So now she’s in the shed for winter…that doesn’t mean I won’t continue to work on her, but it’s a definite slow down as winter comes on strong and we are moving toward our shortest days of winter. I ordered new connector wire for the turn signals as well as the connection for the headlight and parking light which will need to be installed. I also have some spare relays that I can install if the ones that are in the bike now are bad. That being said, there are a variety of things that I will be working on next and when I pull her out of storage:
- I’d like to get the carbs cleaned out and new fuel filters put on
- Drain all the gas out of the tank and touch up the paint
- Need to study up on how to safely remove paint from some parts of the tank without causing a spark…
- Review the stanchions, replace if necessary and fill up with fresh fork oil – purchased from Eurosports already…
- Tighten up the fork caps with the wrench that’s in the tool kit I bought for the bike
- Replace the cables that I have, tach, spedo, throttle, any others that need it
- Sell any parts that I’m done with or have duplicates of. I have a couple of headlight buckets and turn signal posts mixed in with a nice grab bag of overkill parts that I won’t need
- Connect up the rear lights with the loom. I’d like to find a 6 connector mail to female 16gauge connector so that if the rear end ever has to come off, this can easily be disconnected right under the seat.
- Install front turn signals
- Put new yellow, green and grey wires into the left hand control switch array
- Connect all the electrical up in the headlight bucket – I’m so stoked that I understand all of the electrical hookup now – it actually makes sense to me!
- Buy a new battery
- New spark plugs
- Oil change
- Research into other start up items for a bike that has sat for 15-25 years…
- Figure out how to safely clean out the brake master cylinders, recharge the systems and get the brakes safe
- Fire it up.
The headlight ears were pretty damaged in the accident, just like the headlight housing, so I replaced them with the better used ones. I also put on fresh gaiters on the stanchions and as I mentioned before I left the pvc spacers out of the fork springs and I added in a spacer under the steering column nut since the addition of the turn signals lifted the headlight ears about 2mm.
Solving the eccentric pin issue allowed me to move forward with the removal of the fork sliders. I was surprised how much fork oil was in the forks, probably around 150ccs each, nice oily surprise. When I removed the fork sliders I realized how damaged they were from the accident, but the stanchions looked great. I will end up taking them off down the road, rolling them on a piece of glass and seeing how straight they are. The right fork slider was much more damaged than the left, but the left one had some damage as well, so I replaced them both.

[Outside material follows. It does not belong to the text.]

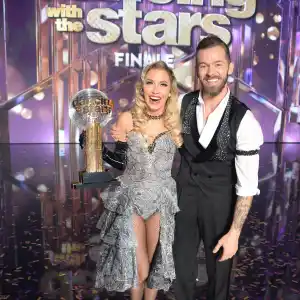 Kaitlyn-and-Artem-DWTS-GettyImages-1229759926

I had purchased a whole new front end for this bike, a used, but new to me front end and so I replaced the damaged fork sliders with the much better ones that I had bought separately.
When I took the fork filler caps off there was a a sizeable amount of force that blasted the cap off in my hand. I kept better pressure on the second one as I took it off so it wouldn’t break my hand in the process. The pvc spacers must have been in place for the Luftmeister fairing. When I reassembled, I left them out since I’m not putting a fairing back on. One thing that wasn’t super clear in my manuals and online was the fact that once the hexagonal bolt and spring are removed from under the break caliper, the eccentric pin pulls out rather than unscrews. The eccentric pin is an interesting design element to allow for adjustment of the brake pads to the rotor. I used one of the other bolts from the brake line bracket to slightly thread into the eccentric pin and pull it out. You can see that this sequence of photos stops at the distal end of the eccentric pin…I was stumped…

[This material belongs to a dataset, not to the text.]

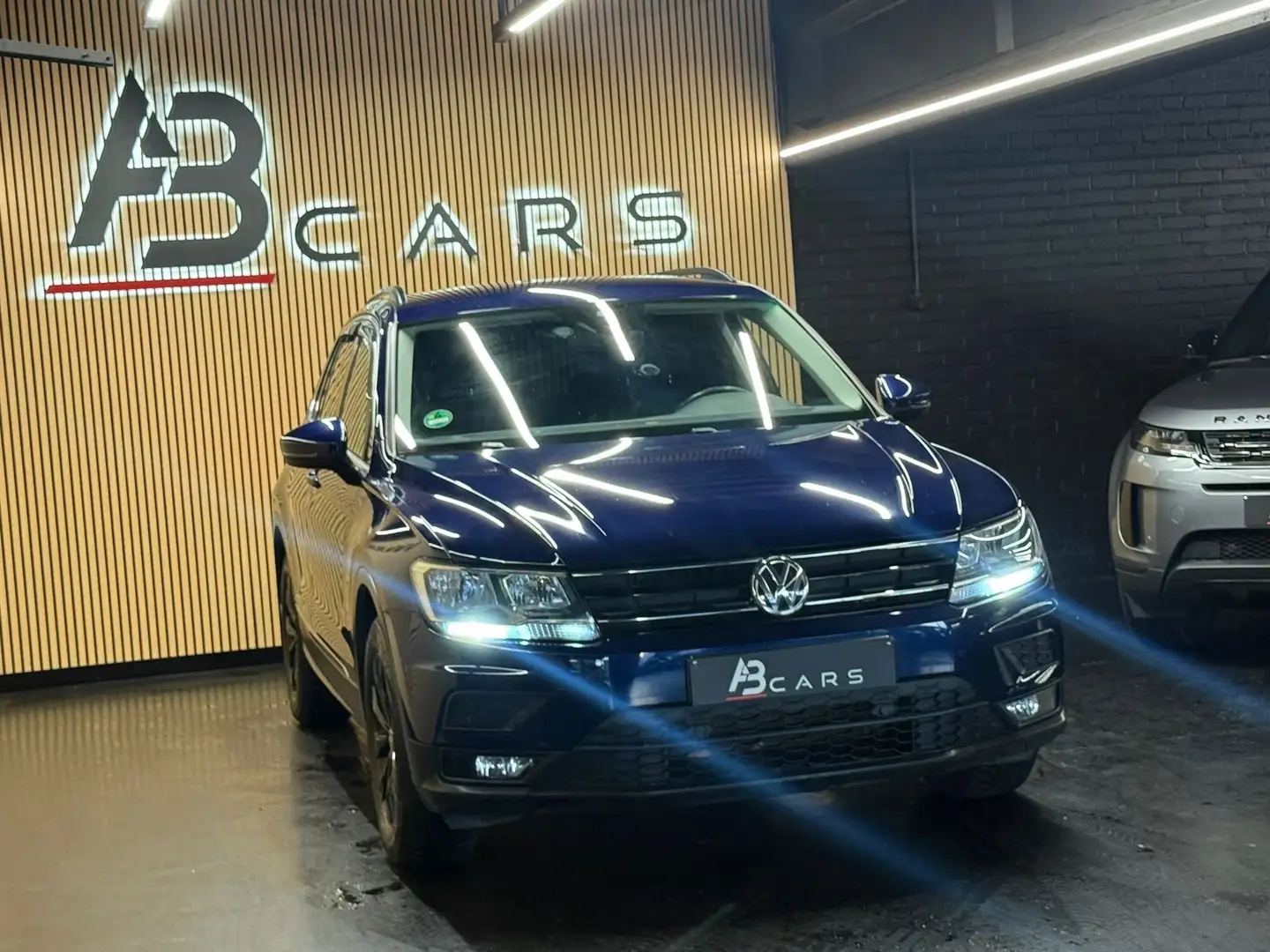 Volkswagen Tiguan 1.5 TSI ACT * GARANTIE 12 MOIS * SPORT * Blauw - 2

These preliminary photos were mainly to make sure that after I tore everything apart, I could get it back together again!
So the summary of my latest discoveries is that this bike is an R100/7 that had a luftmeister fairing put on it. this is great news from a wiring perspective because I can just put on the side blinkers, order the wiring for them and a new light plug harness, put on about 10 replacement wires for wires that were fried during the wreck (from the heat of a broken light I believe) and the electrical should be much improved. I also order a new light relay as well, just in case. I need to create some new connections from the tail light and rear turn signals to the under seat harness connection and hopefully that part will be done and I can turn my attention to some carb clean up….shade tree mechanic in October….in Colorado…
For the life of me I could not figure out what this big cable was that was in the mix of the other headlight wires. Down the road I found the other connector in a box of parts and realized it was the connection for the Luftmeister fairing. Once I figured that out I was able to take it and its associated wires out of the mix.